Michell, on p. xii, constructs the contrast between the classical idea of science as trying to find out how natural systems work, and "the view that success in science derives from from the solving of 'practical' problems." It is certainly true, given the history of psychological testing in the 20th century, that this is the second kind of science, while pretending to find out about 'intelligence,' etcetera. There is nothing wrong with trying to be practical, of course. In science there is the particular branch called engineering, which makes it possible that the Earth now sustains some seven billion people. (Wilbrink and Roos, 1991, on strategic science policy html). In psychology, however, as in the social sciences in general, 'practical science' itself influences the way psychological and social things are - Rosenthal effects, Pygmalion in the classroom, etcetera - a point not explicitly mentioned by Michell, I think. That is a pity, for evidently it is the case that psychological tests, as well as aptitude and achievement tests, have changed society - daily life, educational life - markedly compared to the situation one century ago. If the things these tests pretend to measure do not exist in the way social scientists tell us they do, society is in trouble.
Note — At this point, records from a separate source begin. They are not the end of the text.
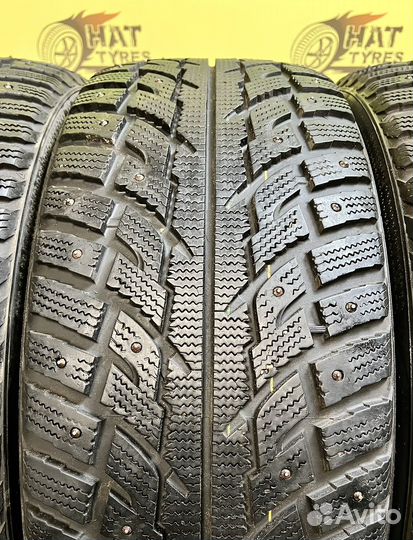 Kumho I'Zen RV Stud KC16 255/55 R18 109T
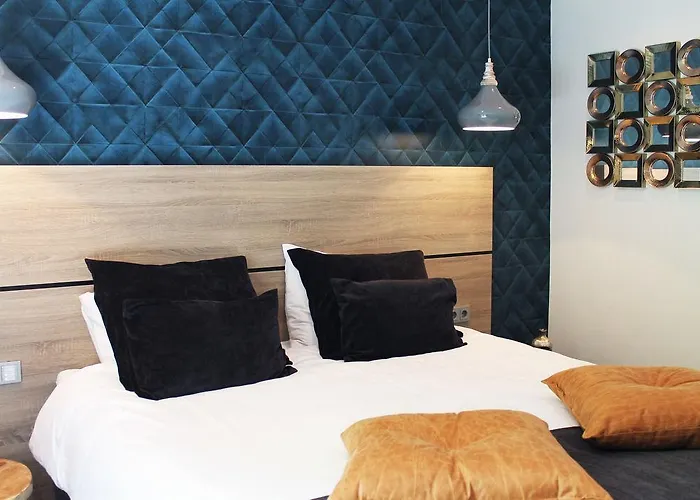 Restaurant De Wolfsberg Hotel Groesbeek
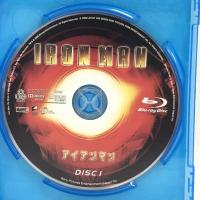 アイアンマン   [Blu-ray] ソニー・ピクチャーズエンタテインメント ジェフ・ブリッジス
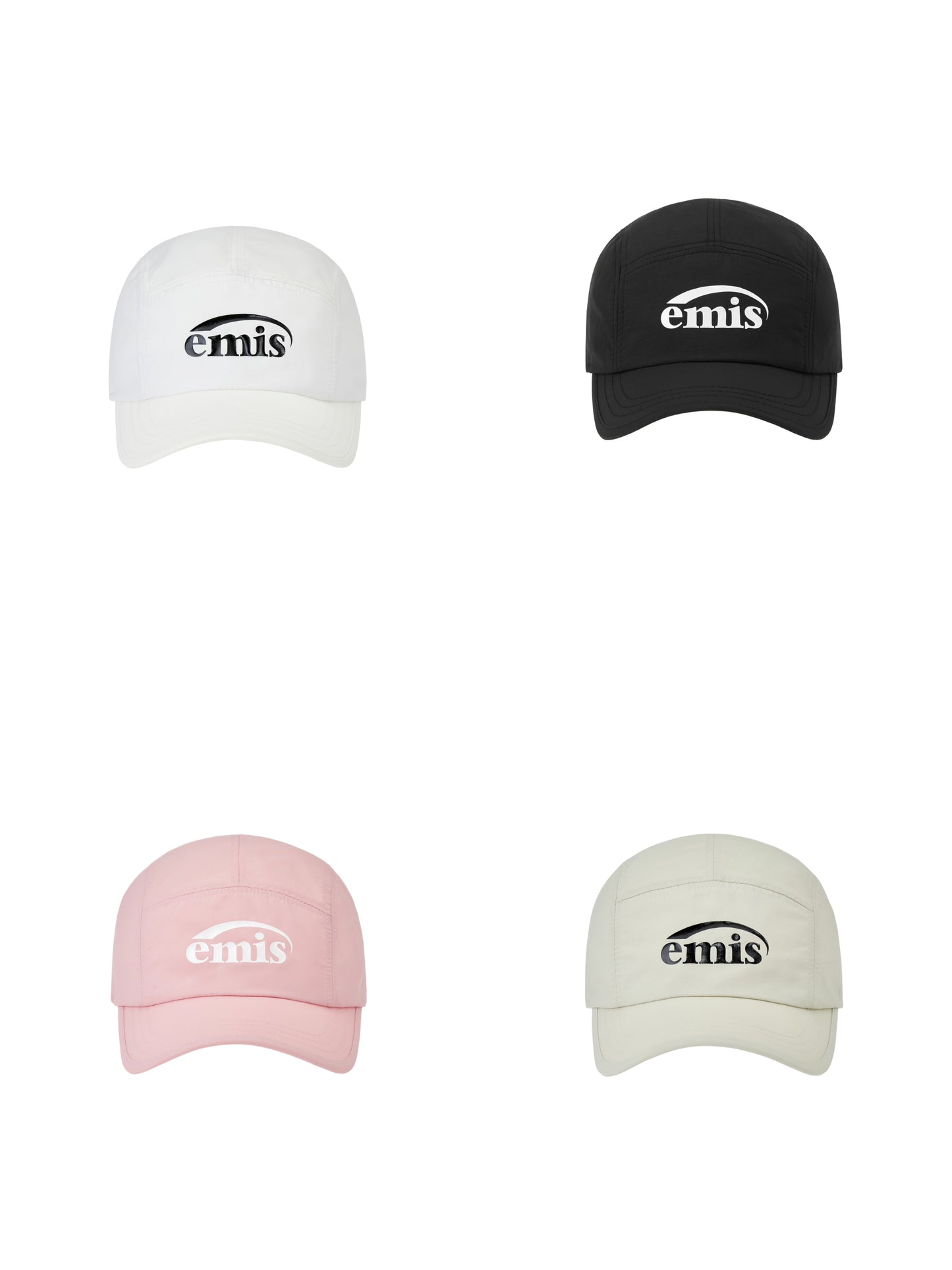 EMIS NYLON CAMP CAP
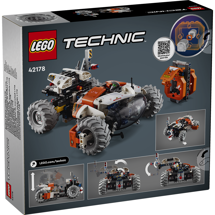 LEGO Technic 42178 Mobil rumlæsser LT78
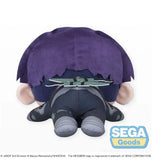 Kaiju No. 8 Plüschfigur Soshiro Hoshina Lay-Down L 20 cm - Smalltinytoystore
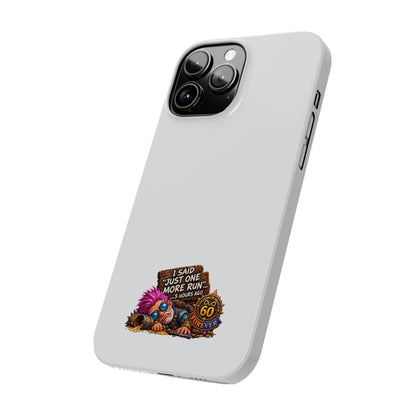 Slim Phone Cases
p. xiv: Qualitative features of human life mentioned here. What are they? Examples? This level of abstractness is an ongoing problem in this book: what exacly demarcates quantitative from qualitative attributes? Quantitative attribrutes get explained, it is then left somewhat to the reader to fill in - by default - examples of attributes failing to be quantitative (which might simply be the case because no adequate methods have been found yet to show them to be quantitative). Think of sex as an evidently qualitative attribute. And that way discover that for a property to be qualitative is not the same as being immaterial.

What about the attributes educational assessment is about? Is there an authoritative list of what they are? Do the many 'standards' qualify as defining an 'attribute'? It seems we have identified a serious problem here, isn't it? It might be, of course, that the question has been wrongly put. But then, if educational assessment is not assessment of attributes, what might it be? One hypothesis is that assessment is part of a game that pupils and their teachers are engaged in, and that can be described by using James Coleman's social system theory (see my 1992 html for one such exercise). More directly, the game is between the individual pupil and the system, a situation that has been modeled by Van Naerssen (1970) html, en myself (the SPA project, Strategic Preparation for Achievement testing html). From the perspective of the pupil, are the achievement tests 'measurements'? The pupil is not trying to measure anything, she will probably try to prove a point in sitting the test. What is going on here, in what way is this still to be characterized as 'measurement in psychology'? That is what I will have to find out in analyzing Michell's text.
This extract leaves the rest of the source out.